9-)  “Olmaz Sensiz”: Sonundaki keman solonun özellikle dikkat çektiği bu şarkı, ilk albümdeki “Hep Bi’ Derdi Olur”un nakaratındaki coşkuya benzer bir coşku yaşatıyor. Enstrümanların uyumunun da hakkını vermek gerek. 

10-) “Ali Baba”: Mayıs 2012’de tekli olarak piyasaya sürülen ve klibinde Sümer Tilmaç’ın da yer aldığı “Ali Baba”, sanatçının albümden evvel canlı performanslarında yer alıyordu. Bonomo çocukluğumuzdan beri ezbere bildiğimiz “Ali Baba”ya ve Sadri Alışık’a bir saygı duruşunda bulunmak istemiş. Gayet güzel bir yorum, klibi de hiç fena değil. 

11-)  “Haberler İyi Paşam”: Hiciv dolu sözlere sahip şarkı, Nazım Hikmet’ten feyz alıp karanlık sözlerine karşın eğlenceli melodisiyle tabiri caizse ‘farklı’ bir deneyim sunuyor. “Yok hiç çizmeyi aşan” diyen Bonomo, hem geçmiş hem bugün hakkında yergi dolu sözler sarf ediyor. 

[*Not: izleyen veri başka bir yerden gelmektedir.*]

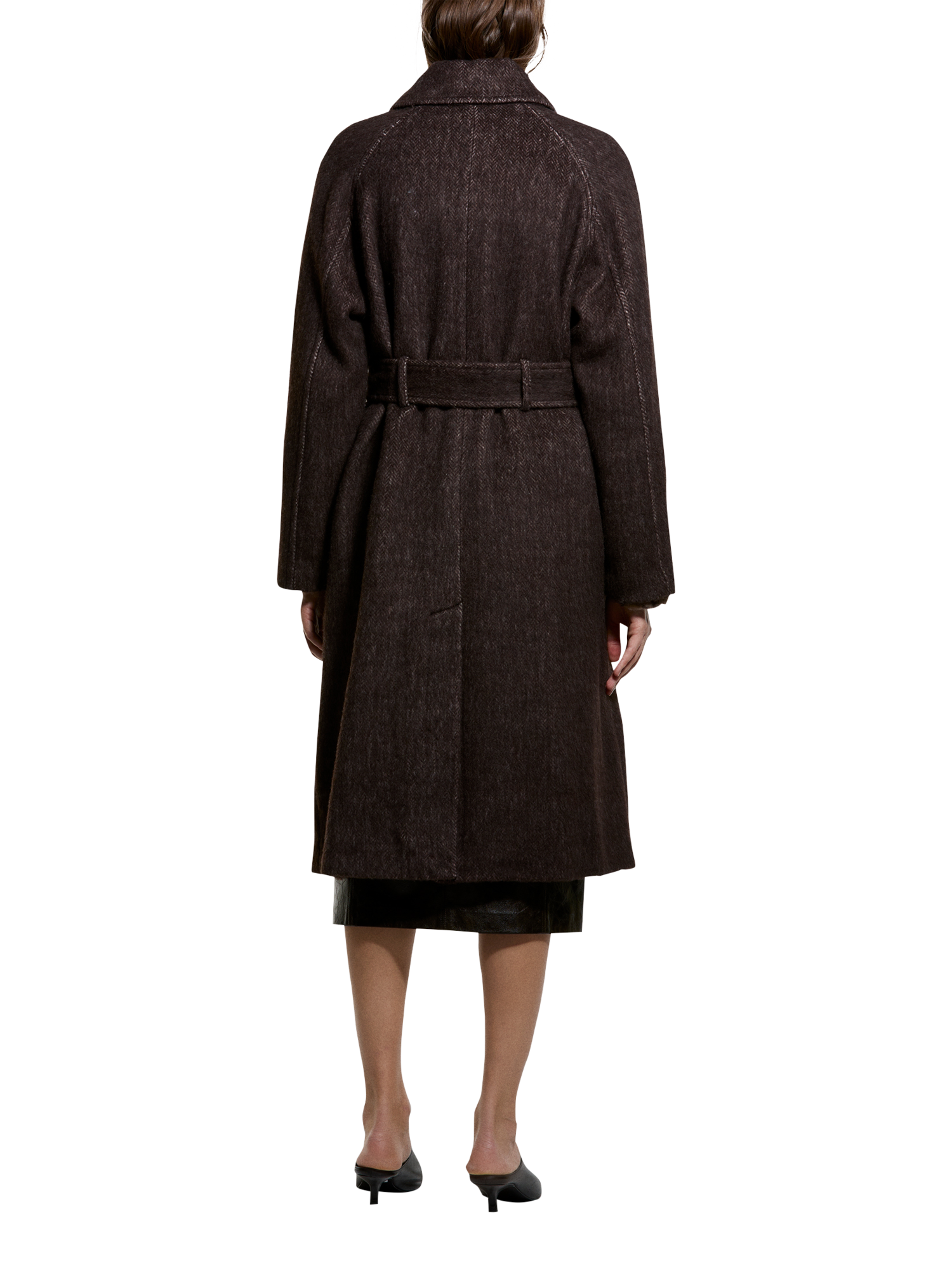 Product image 2 of 4, which shows SISLEY Long Sleeve Collared Knee Length Coat, Brown, 8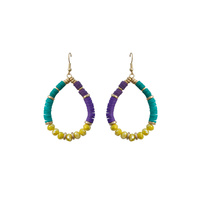 MARDI GRAS HEISHI BEAD EARRINGS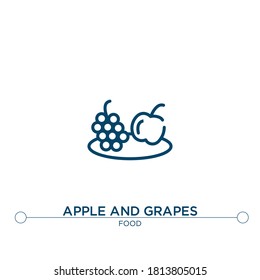apple and grapes outline vector icon. simple element illustration. apple and grapes outline icon from editable food concept. can be used for web and mobile
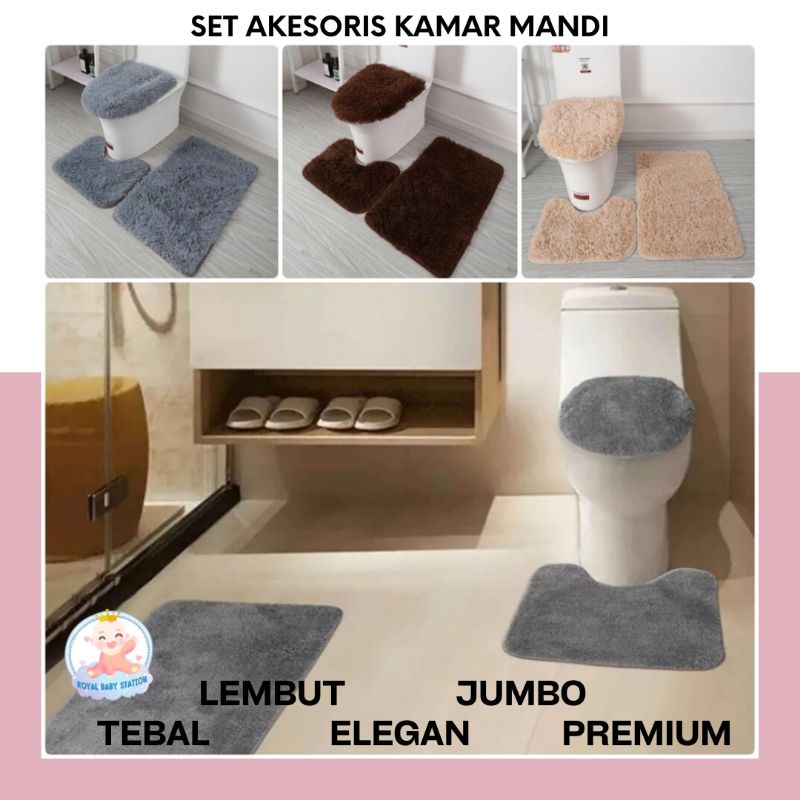 New! Set Cover Sarung Penutup Alas Dudukan Closet Toilet Keset Kamar Mandi Lembut Original Mewah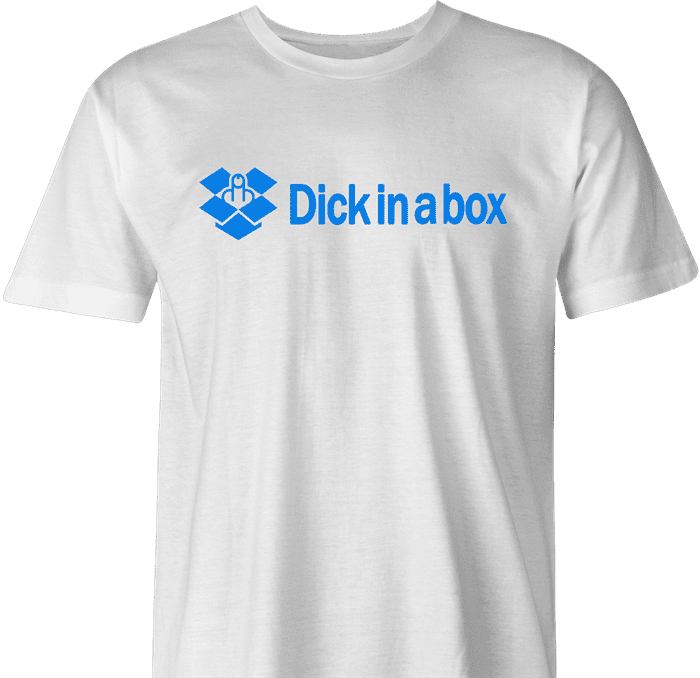 funny dick in a box dropbox mashup t-shirt white men's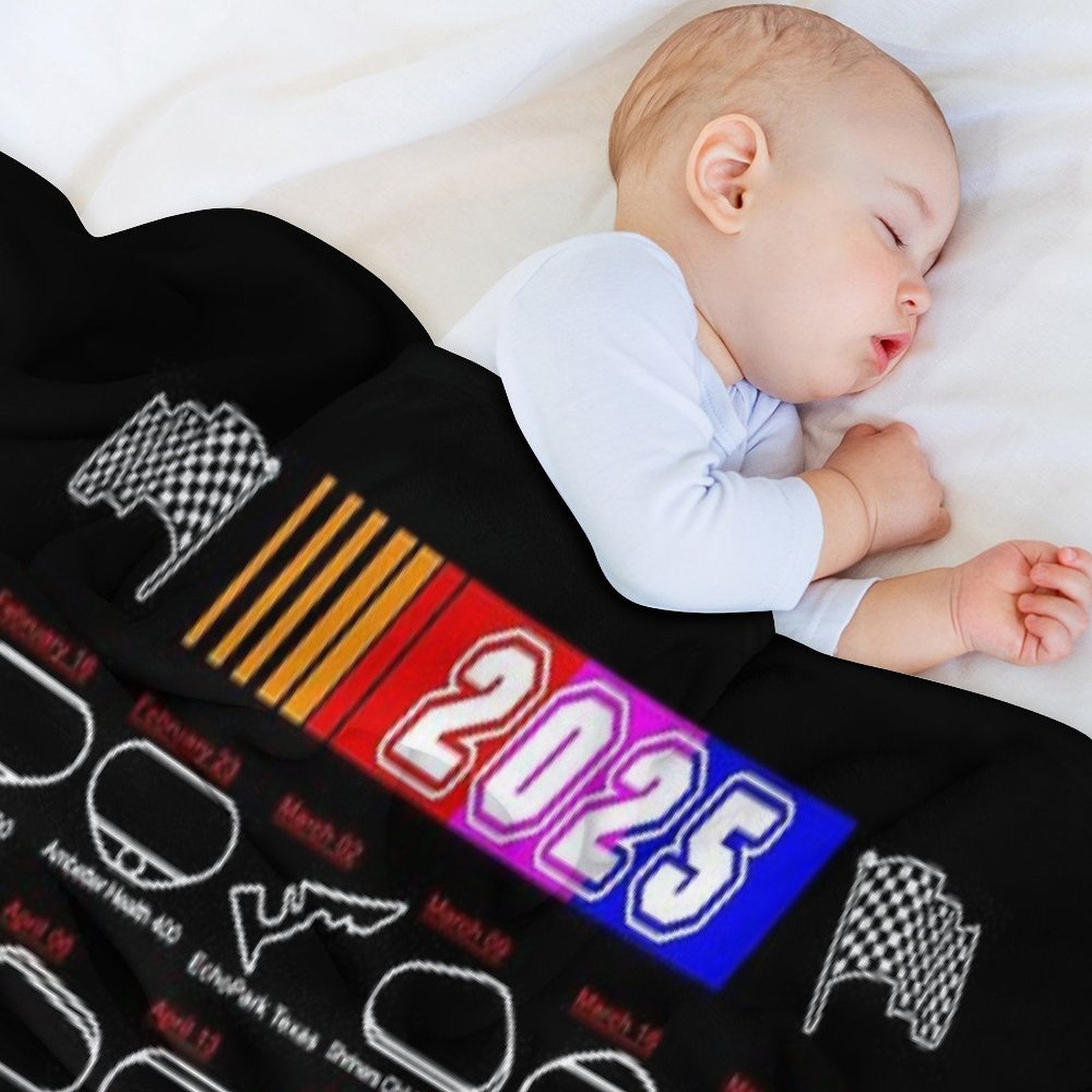 Schedule Nascar Cup Series 2025 Machine-washable Throw Blanket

12-) “Son”: “Veysel” öncesi vedasına hazırlanan Bonomo, “Son” ile üzülmeyip yeni bir öykü daha bulunmasını istiyor. Eşlik etmesi pek keyifli olan parçanın canlı icrası da gayet hoş.

13-) “Veysel”: Bir başka saygı duruşu da Aşık Veysel için. Albümün ağır topu, etkileyici kapanış şarkısı. Bağlama ise olmazsa olmazı.